Come nel caso del vigilante che nel luglio 2016 fece sparire 4 milioni d’oro. Altra storia, altro colpo. Succede tutto alla Tc-Or di Terontola venerdì mattina. Perparim Tabaku, 53 anni, albanese d’origine, dipendente con tanto di anzianità, è uno dei due fonditori che portano il metallo nel forno.Ma lui trova il modo di sottrarne un pacchetto e di gettarlo fuori dalla grata della fabbrica. Poi chiede un’ora di permesso e l’oro (una verga da 147 grammi di lega, 110 di metallo puro, valore 3.800 euro) va a nasconderlo in macchina.

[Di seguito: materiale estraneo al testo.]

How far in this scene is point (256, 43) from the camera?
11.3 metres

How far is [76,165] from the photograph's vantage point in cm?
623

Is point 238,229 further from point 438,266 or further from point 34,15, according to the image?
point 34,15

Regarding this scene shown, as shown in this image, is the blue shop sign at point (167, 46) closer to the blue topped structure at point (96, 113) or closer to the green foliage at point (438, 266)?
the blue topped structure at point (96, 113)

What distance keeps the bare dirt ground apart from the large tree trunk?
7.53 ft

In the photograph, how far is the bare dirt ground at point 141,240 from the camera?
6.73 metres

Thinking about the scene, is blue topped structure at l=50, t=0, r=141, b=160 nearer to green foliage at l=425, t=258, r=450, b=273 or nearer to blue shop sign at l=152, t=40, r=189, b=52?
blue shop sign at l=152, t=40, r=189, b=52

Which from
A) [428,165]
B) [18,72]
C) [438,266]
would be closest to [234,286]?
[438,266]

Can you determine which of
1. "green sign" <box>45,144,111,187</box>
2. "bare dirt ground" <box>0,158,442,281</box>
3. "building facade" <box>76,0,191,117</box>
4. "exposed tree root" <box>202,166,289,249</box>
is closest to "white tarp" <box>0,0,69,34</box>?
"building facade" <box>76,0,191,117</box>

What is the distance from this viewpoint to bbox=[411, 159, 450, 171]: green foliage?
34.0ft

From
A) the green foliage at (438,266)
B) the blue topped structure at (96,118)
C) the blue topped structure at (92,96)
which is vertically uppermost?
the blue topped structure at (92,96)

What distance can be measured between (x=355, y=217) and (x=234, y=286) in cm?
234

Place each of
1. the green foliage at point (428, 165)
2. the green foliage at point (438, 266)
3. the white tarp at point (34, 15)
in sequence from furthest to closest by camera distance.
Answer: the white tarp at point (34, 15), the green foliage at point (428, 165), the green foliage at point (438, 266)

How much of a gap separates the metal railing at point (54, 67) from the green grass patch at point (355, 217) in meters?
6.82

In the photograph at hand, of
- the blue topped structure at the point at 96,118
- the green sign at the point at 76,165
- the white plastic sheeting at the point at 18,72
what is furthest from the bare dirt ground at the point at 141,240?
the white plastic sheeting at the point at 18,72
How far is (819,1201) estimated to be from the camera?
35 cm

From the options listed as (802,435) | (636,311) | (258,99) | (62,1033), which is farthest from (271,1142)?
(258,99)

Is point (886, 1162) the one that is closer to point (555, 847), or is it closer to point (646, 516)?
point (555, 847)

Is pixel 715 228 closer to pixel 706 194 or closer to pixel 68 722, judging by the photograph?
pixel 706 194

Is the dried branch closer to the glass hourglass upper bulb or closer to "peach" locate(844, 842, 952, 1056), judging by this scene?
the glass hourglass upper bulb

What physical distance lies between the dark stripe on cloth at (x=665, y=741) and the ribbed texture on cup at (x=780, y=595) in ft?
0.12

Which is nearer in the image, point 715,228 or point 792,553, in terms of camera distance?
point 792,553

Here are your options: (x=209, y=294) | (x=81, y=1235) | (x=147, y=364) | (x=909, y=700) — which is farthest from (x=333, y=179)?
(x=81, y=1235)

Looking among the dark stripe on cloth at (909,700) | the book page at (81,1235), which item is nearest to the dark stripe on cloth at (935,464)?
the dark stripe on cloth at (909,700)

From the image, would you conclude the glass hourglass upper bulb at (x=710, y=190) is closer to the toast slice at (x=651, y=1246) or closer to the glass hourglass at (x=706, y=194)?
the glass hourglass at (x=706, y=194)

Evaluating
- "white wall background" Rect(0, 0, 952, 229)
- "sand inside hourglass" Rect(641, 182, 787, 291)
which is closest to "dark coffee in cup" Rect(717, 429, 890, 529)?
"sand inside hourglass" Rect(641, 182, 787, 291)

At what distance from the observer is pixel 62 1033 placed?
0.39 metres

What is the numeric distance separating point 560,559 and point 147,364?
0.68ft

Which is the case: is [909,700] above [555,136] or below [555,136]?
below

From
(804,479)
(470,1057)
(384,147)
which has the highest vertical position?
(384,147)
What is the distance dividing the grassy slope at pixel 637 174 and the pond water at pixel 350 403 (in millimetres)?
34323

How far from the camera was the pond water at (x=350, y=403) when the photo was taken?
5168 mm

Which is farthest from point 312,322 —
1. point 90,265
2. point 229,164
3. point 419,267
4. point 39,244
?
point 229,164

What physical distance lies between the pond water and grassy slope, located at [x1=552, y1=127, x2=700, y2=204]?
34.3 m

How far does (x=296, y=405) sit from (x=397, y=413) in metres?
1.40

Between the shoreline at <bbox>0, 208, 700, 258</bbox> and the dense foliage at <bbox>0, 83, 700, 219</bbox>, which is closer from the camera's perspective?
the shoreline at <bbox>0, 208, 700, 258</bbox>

A quel punto i proprietari, che già sono sul chi va là per le continue sparizioni d’oro di cui non riescono a darsi ragione, si insospettiscono e chiamano i carabinieri. La certezza che un bel pò di metallo sia sparito nel corso del processo di fonditura c’è, manca soltanto di individuare il responsabile. Gli uomini dell’Arma non hanno esitazioni e provvedono alla perquisizione nel parcheggio delle auto di entrambi gli addetti al forno. In quella di Tabaku spunta fuori il pacchetto galeotto.

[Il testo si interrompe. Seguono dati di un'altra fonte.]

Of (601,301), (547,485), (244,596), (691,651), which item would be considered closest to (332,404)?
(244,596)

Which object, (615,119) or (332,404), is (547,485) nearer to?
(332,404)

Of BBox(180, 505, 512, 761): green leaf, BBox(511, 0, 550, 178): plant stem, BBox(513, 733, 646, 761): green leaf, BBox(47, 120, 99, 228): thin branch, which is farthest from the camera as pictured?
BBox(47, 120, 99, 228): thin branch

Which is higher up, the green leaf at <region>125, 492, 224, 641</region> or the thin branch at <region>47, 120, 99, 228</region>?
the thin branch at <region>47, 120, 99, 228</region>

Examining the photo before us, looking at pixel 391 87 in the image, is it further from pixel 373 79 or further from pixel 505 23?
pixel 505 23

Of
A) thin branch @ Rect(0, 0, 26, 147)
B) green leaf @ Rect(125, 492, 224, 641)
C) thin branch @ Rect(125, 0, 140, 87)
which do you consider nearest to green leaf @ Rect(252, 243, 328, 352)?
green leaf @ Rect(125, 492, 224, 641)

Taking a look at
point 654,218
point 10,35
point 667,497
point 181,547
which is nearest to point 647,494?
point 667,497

Scattano subito le manette in flagrante, ieri mattina si va a processo per direttissima. L’albanese sceglie di avvalersi della facoltà di non rispondere e non spiega niente, il suo avvocato prova a limitare i danni: è solo appropriazione indebita, reato minore che avrebbe conseguenze assai meno pesanti. E’ la stessa strada, appunto, che aveva seguito a suo tempo il vigilante del furgone sparito a Civitella a margine dell’area di servizio di Badia al Pino. Ma non funziona neppure stavolta.

Il Pm Bernardo Albergotti insiste sulla contestazione del furto aggravato, il giudice Avila gli dà ragione. E non solo: per quanto Tabaku sia incensurato, Albergotti, su disposizione della procura, chiede una misura cautelare adeguata alla gravità dell’episodio. Il giudice gli dà ancora una volta ragione e decide per i domiciliari. Poi l’aggiornamento dell’udienza perchè l’avvocato chiede i termini a difesa, ossia il tempo per studiarsi le carte.

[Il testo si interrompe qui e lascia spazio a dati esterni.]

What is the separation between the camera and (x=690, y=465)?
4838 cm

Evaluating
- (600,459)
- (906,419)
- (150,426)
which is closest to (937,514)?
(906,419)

Sul caso specifico, tuttavia, non sembra che l’operaio abbia molte vie d’uscita. Ben più complessa la strada per arrivare a risolvere il giallo degli ammanchi da un chilo e mezzo l’anno negli ultimi tre, più di 100 mila euro. Viene naturale di pensare, e infatti i titolari dell’azienda lo pensano, che il protagonista dei furti sia sempre lo stesso. Ma servono le prove e quelle almeno per il momento non ci sono. I carabinieri, dunque, dovranno rimettersi sotto e tentare di scoprire se esiste un collegamento fra l’ultimo colpo e quelli precedenti. Un solo ladro, l’operaio infedele, o in fabbrica c’erano altri Polliccini che grano a grano facevano sparire l’oro delle lavorazioni?